It would be nice to have something like (pseudo-code):
fn BTreeMap<K, V>::find{Min,Max}(&self) -> Option<(&K, &V)>;
fn BTreeSet<K, V>::find{Min,Max}(&self) -> Option<&K>;
This should be fast for trees (just walk the tree to the left-most or right-most element) and is very useful. For example Haskell has these functions in its excellent library containers, along with other potentially interesting functions (see the whole "Min/Max" section).

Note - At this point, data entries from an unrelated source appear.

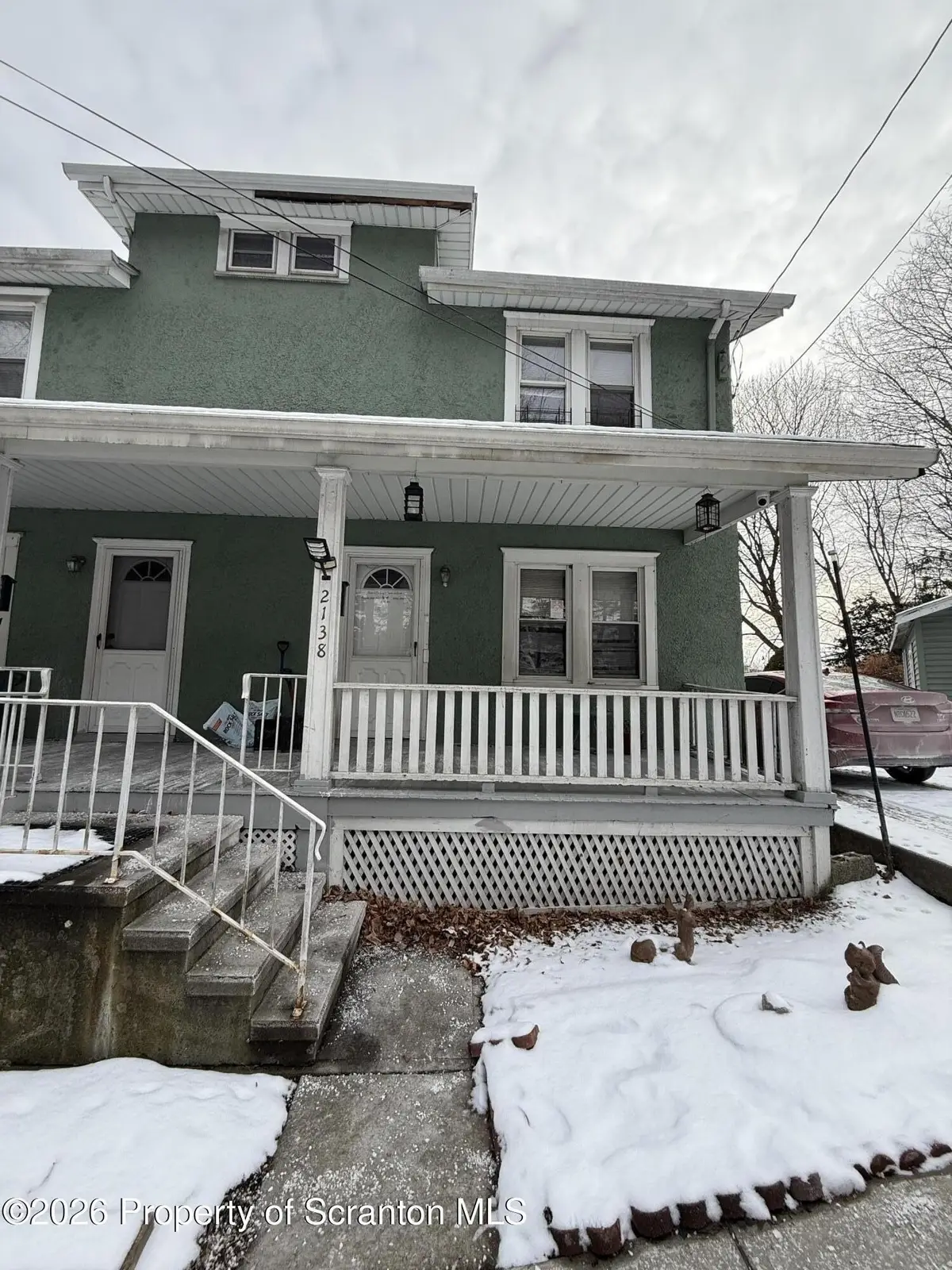 2138 2140 Pond Avenue, Scranton, PA 18508 - Image #1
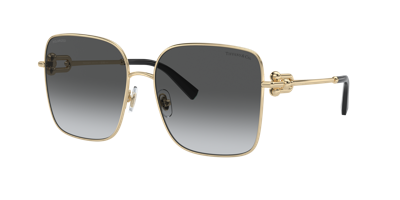 Tiffany & Co . Woman Sunglasses Tf3094 In Gray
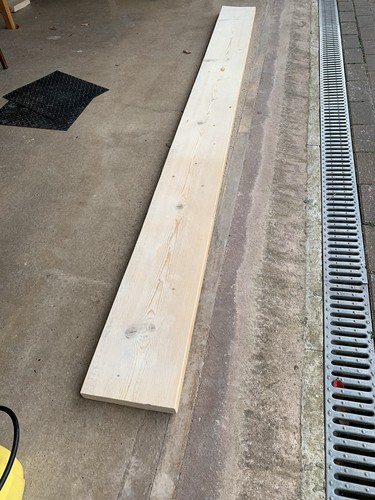 Scaffold planks for - planks, shelving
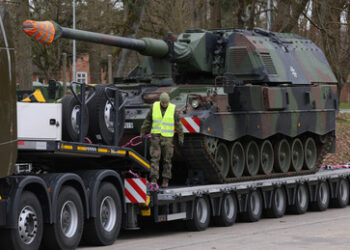 Nach Panzer Puma nun Panzerhaubitze: Bericht über weiteres Waffenproblem der Bundeswehr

A dedicated method would improve discoverability, but you can do:
let map: BTreeMap<K, V> = ...;
let min = map.iter().next();
let max = map.iter().next_back();
and the same for BTreeSet.
Hm, I haven't known about next_back. What I'm interested however is algorithmic complexity of these -- would this be O(log_2 n) (with all the caveats of using B-tree) or something different?
BTW, I don't see a mention in the documentation that iter() walks items in proper order. It would be nice to add it there, I think.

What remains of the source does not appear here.